Australia’s transport ministers should slash the registration charges on B-doubles from $15,708 to $10,995 per year, according to the ATA’s submission in response to a National Transport Commission (NTC) discussion paper about heavy vehicle charges.

In November last year, transport ministers directed the NTC to find a solution to the extremely high registration charges on A-trailers: the special lead trailers used in B-doubles and B-triples.

The registration charge for a tri-axle A-trailer increased from $1,065 in 2007-08 to $6,525 in 2011-12. As a result, the registration charge on a nine-axle B-double increased from $8,041 in 2007-08 to $15,708 in 2011-12, an increase of 88 per cent.

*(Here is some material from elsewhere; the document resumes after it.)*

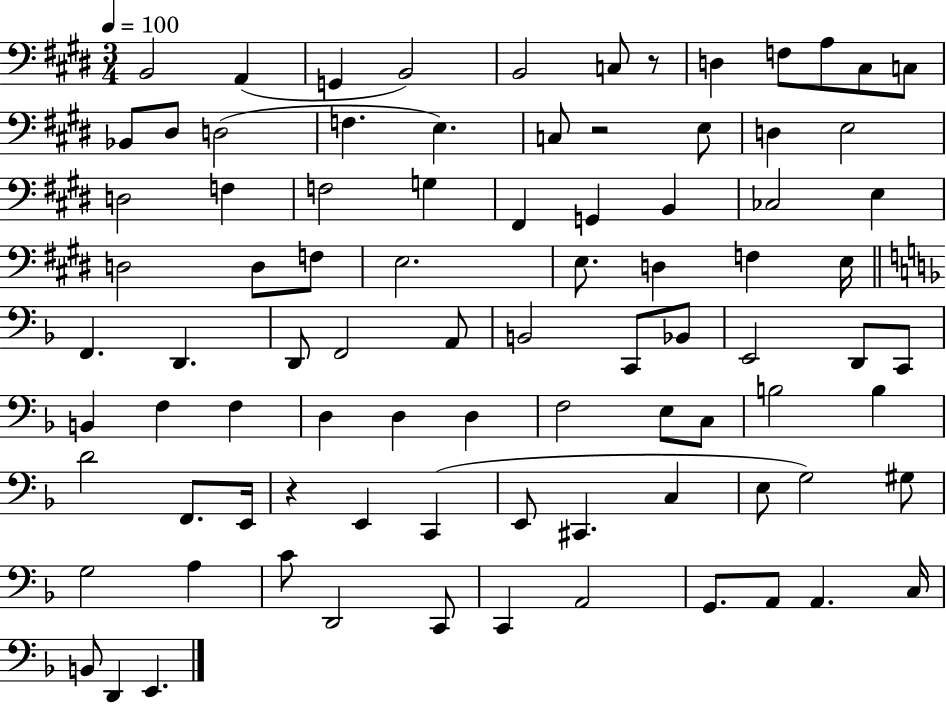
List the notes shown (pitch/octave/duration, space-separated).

As a result of the dramatic increase in charges, many trucking operators are now moving away from using B-doubles. If this continues, the result will be an increased number of accidents and lower productivity, because B-doubles are safer and carry more than conventional semi-trailers.

To reverse the decline, the ATA recommends that A-trailers and semitrailers should be subject to the same registration charge.

As a result, the registration charge for a tri-axle A-trailer would fall from $6,525 to $1,472. The registration charge for a nine-axle B-double, including the prime mover, would fall from $15,708 to $10,995.

The submission warns that none of the four options put forward by the NTC in its discussion paper would fix the A-trailer problem.

It also rejects the NTC’s recommendation that all registration charges and the effective fuel tax paid by trucking operators should increase 5.7 per cent from 1 July 2012. In conjunction with the NTC’s options for adjusting A-trailer charges, this could see the effective fuel tax on the industry increase by as much as 2.9 cents per litre, from 23.1 to 26 cents.

The ATA’s modelling shows the effective fuel tax paid by trucking operators should increase by no more than 3.7 per cent, which would take it from 23.1 to 23.9 cents per litre.